▶ **Dataset records**:
========================================================================

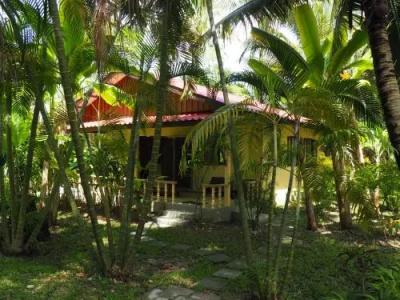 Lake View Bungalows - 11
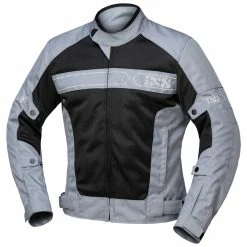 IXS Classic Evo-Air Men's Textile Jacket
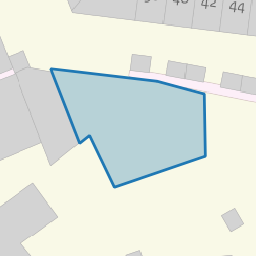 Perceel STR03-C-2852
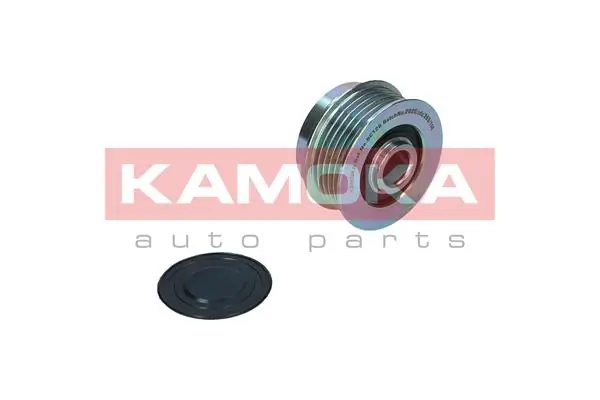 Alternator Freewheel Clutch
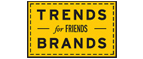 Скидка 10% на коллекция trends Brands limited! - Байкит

========================================================================

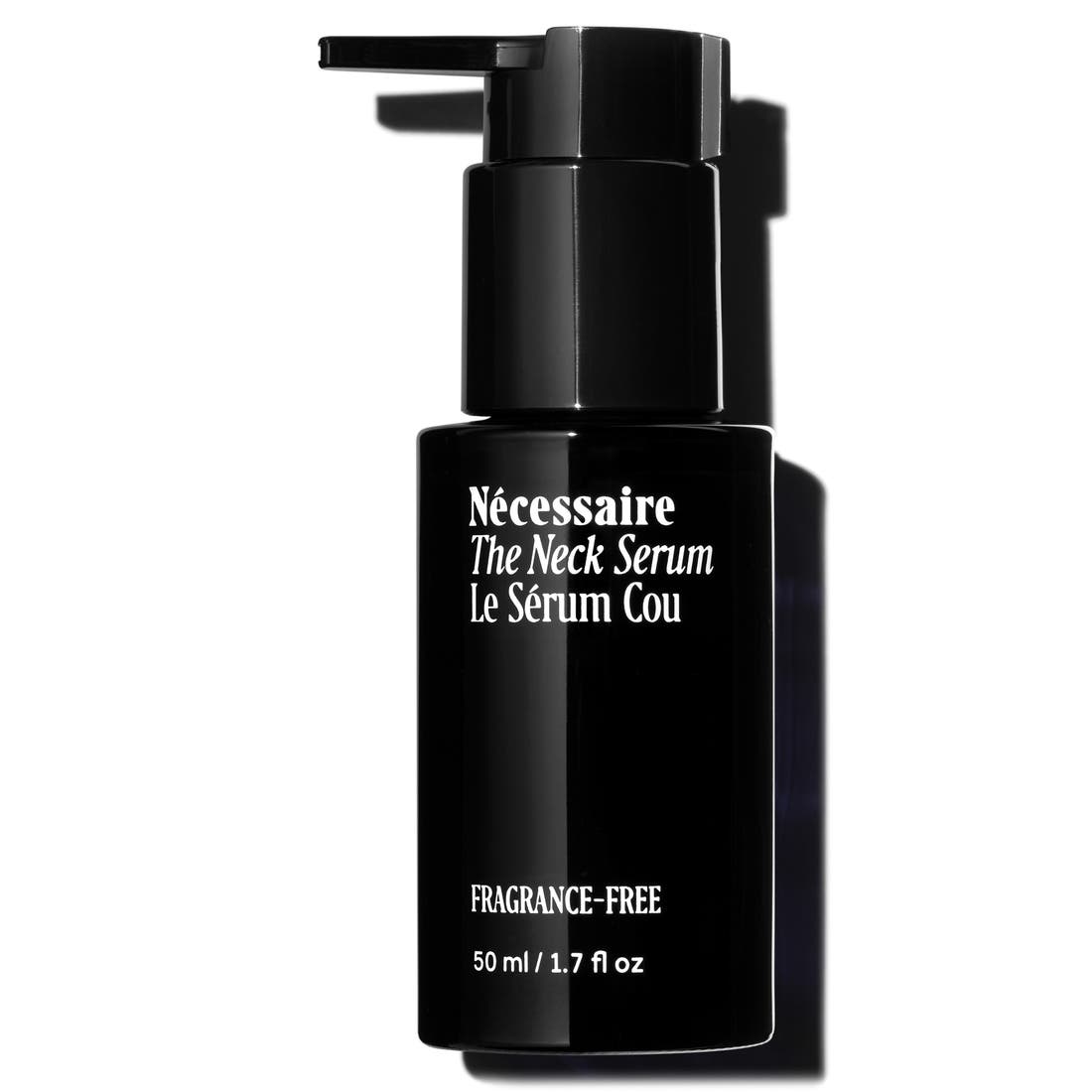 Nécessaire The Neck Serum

========================================================================

▶ **Work to be completed**: Your task is to copy only the lines above starting at the one containing "Lake View Bungalows - 11" and ending at the one containing "Скидка 10% на". Copy them exactly, both ends included, and omit the pictures.

▶ **Answer**:
 Lake View Bungalows - 11
 IXS Classic Evo-Air Men's Textile Jacket
 Perceel STR03-C-2852
 Alternator Freewheel Clutch
 Скидка 10% на коллекция trends Brands limited! - Байкит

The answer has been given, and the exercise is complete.